Hafta sonları çamaşır askısından alıp giydirdiğim çok oluyor. Çok kırışık olmadığı sürece sorun değil.

4) Terlik mi, sandalet mi?

İkisi de. Crocs'unu terlik olarak kullanıyor genelde.

Sandalet de gezmeye giderken falan giydiriyorum.

5) Şapka sorun mu? Nasıl çözüyorsunuz?

Yok. Sağolsun Çınarişkom itiraz etmez şapkaya.

Hatta ben unutursam kendisi söyler "şapka tak" diye.




6) Mayo kullanıyor musunuz? Öneriler?




Evet. Mothercare'in mayolarını seviyorum. Bu sene tuvaletini söylediği için dar, boxer tarzı mayolardan almıştım ama 24-36 ay büyük geldi.

Ben de geçen sene aldığım su sızdırmayan mayosunu giydirdim. Hafif küçük gelse de yine de idare etti. Amaç kapatmak olunca işe yaradı işte :)

Onları pek sevmiyorum aslında. Çünkü suyu iyice emdiği için kurumak bilmiyor.

Zaten çocuklara 2 tane mayo almak lazım. Islak kalmamaları için.

Burcu Kipa'nın mayolarını tavsiye etmişti. Gidip bakamadım. Bulursam onlardan alacağım.


9 Haziran 2010 Çarşamba

Güne Merhaba


Ben evimi, Çınar babasını, bakıcı ablasını ve oyuncaklarını özlemiş. Didim'deyken hiiiç babasını sormayan yazlıkçı ördeğimin babasını özlemediğini düşünmüştüm.
Havaalanında onu gördüğünde, bacaklarının önünde kafasını eğip durdu ve babasının tepki vermesini bekledi. Babası da tepkisiz gülümseyerek durdu. Sonra üzgün üzgün kafası eğik, elleriyle oynamaya başladı. Babadan gelen "hadi sarıl oğlum" tepkisiyle ona bir yapıştı pir yapıştı. O andan beri yapışık geziyorlar.
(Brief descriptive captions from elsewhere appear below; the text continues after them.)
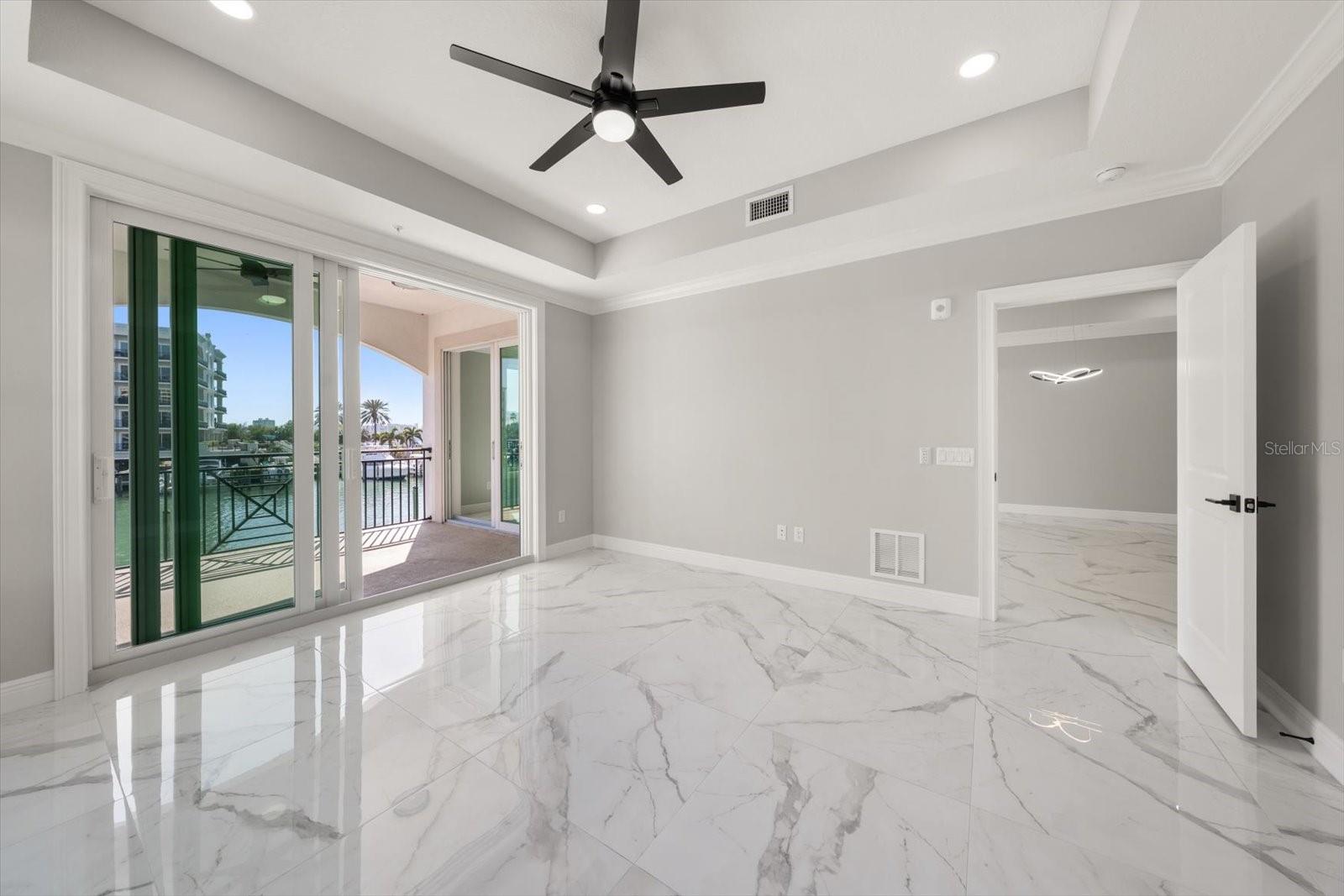 211 DOLPHIN PT #201 — photo 23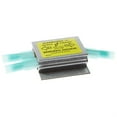 thumbnail image 1 of ROADMASTER 793 Hy-Power Diode, (Pack of 3), 1 of 2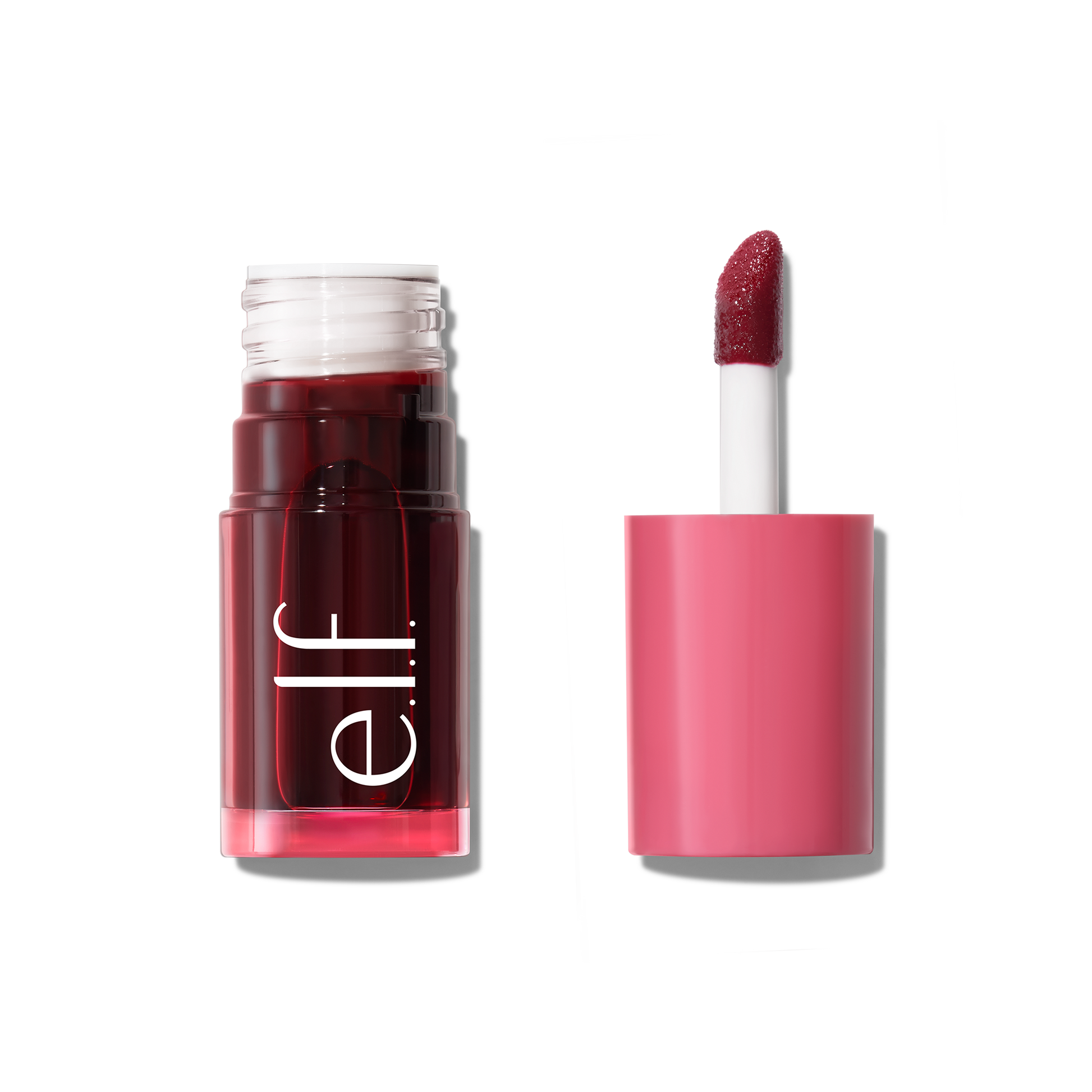 sheer-for-it-blush-tint-a2 82320_OpenA_v3_R.png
Beni istemiyor, sürekli bana "anne giiiiiiiiit" diyor ve babasıyla oynuyor. Ben de bu durumdan pek şikayetçi değilim açıkcası.

Döndüğümüzden bu yana biraz agresif takılıyor. Agresifliği tatil dönüşü olduğu için desem evde olmaktan da müthiş keyif alıyor. Anlayamadım. Oyuncaklarını o kadar özlemiş ki birini alıyor, öbürünü bırakıyor. Yarım saatte 6 oyuncak birden değiştiriyor.
Acaba diyorum hala çıkamayan dişlerden mi? Azı dişi 3 aydır mor bir şekilde çıkmayı bekliyor.



Bir diş hekimi komşumuza dişlerle iglili kendi doktorumuza sormayı unuttuğum şeyleri sordum. Mesela hala neden 12 dişi olduğunu sordum.

Halk arasında söylenen şeyin doğru olduğunu ne kadar geç çıkarsa o kadar geç kaybedeceğini söyledi. 3 yaşına kadar yolu varmış. Endişelenecek birşey yokmuş.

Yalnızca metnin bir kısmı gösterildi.